A Liquidation Commission investigating Banco Espírito Santo’s 2014 collapse has pointed the finger at Ricardo Salgado and his entire management team.
The blame lies with 13 people for the collapse of the institution, according to the findings of the Committee whose opinion formally will be evaluated by the Public Prosecution Service within 60 days.
The management of the Banco Espírito Santo, a once proud high street bank, is totally responsible for its collapse due to endemic bad banking practices carried out a team led by the bank’s chief executive, Ricardo Salgado.
Eye-watering losses of €5.9 billion led to the insolvent bank’s collapse in August 2014.
The committee's opinion is that "gross negligence" was prevalent with 13 people responsible, including a management team which included, in addition to Salgado, José Manuel Espírito Santo, Amílcar Morais Pires, José Maria Ricciardi, António Souto, João Freixa, Joaquim Goes, Jorge Martins, Rui Silveira and Stanislas Ribes and also Manuel Fernando Espirito Santo, Pedro Mosqueira do Amaral and Ricardo Abecassis.
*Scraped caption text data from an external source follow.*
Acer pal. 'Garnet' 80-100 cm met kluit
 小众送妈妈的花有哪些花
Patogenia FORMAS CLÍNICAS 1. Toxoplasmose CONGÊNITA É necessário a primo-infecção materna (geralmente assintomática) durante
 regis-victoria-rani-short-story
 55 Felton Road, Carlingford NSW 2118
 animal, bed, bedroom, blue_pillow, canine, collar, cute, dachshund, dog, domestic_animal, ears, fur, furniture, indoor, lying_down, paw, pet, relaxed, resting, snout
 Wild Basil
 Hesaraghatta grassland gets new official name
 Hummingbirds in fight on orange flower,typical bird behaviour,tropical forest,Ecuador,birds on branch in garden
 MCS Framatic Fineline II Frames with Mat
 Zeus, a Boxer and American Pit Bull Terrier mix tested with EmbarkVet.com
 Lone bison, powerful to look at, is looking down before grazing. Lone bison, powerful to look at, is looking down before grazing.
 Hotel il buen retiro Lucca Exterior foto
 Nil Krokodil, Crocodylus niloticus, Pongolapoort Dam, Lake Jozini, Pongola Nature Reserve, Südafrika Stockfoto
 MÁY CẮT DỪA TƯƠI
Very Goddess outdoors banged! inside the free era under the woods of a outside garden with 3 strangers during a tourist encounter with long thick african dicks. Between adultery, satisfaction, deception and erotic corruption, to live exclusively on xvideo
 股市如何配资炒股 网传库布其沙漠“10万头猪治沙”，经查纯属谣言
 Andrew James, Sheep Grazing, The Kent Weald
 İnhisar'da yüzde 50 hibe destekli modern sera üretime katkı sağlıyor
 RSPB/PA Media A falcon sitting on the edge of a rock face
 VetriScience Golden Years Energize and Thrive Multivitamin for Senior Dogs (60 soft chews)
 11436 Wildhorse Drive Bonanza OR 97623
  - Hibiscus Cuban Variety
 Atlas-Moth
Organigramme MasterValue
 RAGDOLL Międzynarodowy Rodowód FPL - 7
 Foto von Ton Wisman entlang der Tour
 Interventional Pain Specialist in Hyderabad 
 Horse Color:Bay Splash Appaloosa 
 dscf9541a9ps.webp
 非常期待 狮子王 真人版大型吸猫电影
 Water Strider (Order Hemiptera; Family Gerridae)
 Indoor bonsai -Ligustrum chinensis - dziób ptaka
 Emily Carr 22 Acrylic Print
These names had varying levels of involvement and decision making responsibility but all were part of the downward spiral that led to the fall of BES, concludes the report.
One clanger was the signing of ‘letters of comfort’ sent to Venezuelan creditors, in which the bank assumed the debts run up Espírito Santo International and Rioforte, both Grupo Espírito Santo companies. This action breached BES's legal regulations and also contravened strict rules laid down by the Bank of Portugal.
The sale of Espírito Santo International and Rioforte commercial paper through BES branches to unwitting customers, was another. A third major breach was the granting of financing to group companies, such as Esfil, Rioforte and Escom, on the say-so of Ricardo Salgado without any due diligence or assets being pledged to cover the loans.
Ricardo Salgado also granted credits of €463 million, without any guarantees, to Espírito Santo Financière S.A. (ESFIL), an Espirito Santo family company providing banking and financial services for corporate, institutional and private customers in Switzerland and France.
"The total amount of ESFIL's debt to BES as a result of Interbank Money Market operations in euros between June 26, 2014 and July 7, 2014 amounted to €463 million," reads the report from the BES Liquidation Committee.
On July 7, BES granted a €100 million loan to ESFIL, which was due on the 14th of that month but was not paid. On the same day, which also was Ricardo Salgado's last day at the helm of BES, he authorised two new loans to ESFIL - one of €100 million and another of €115 million, which also were not paid then, and never have been.
The committee’s report concludes also that Ricardo Salgado and Amílcar Morais Pires both would have been fully aware of the financial difficulties at Grupo Espírito Santo's web of companies as far back as 2013 yet continues to lend unsecured sums.
The report contains no great surprises but adds another nail in Salgado’s reputational coffin.
Salgado's defence to date has been to deny everything and blame others. Reality will catch up with him in court where he will face charges as part of Operation Marques where he is accused of bribery, among other tricky ones such a money laundering and tax evasion.
The Dono Disto Tudo's latest assurance, during a court hearing to handle his objection to a €4 million Bank of Portugal fine, was that "I can assure you that I have never bribed anyone in my entire life and 73 years have gone by and my lawyers have already said that I have committed no crime. So when the investigation comes to an end, I am sure I will be cleared of this monstrosity," said Salgado who says he is having trouble struggling by on €1,114 a month after his pensions were nabbed by the State, on account of the money the banker already has cost the State.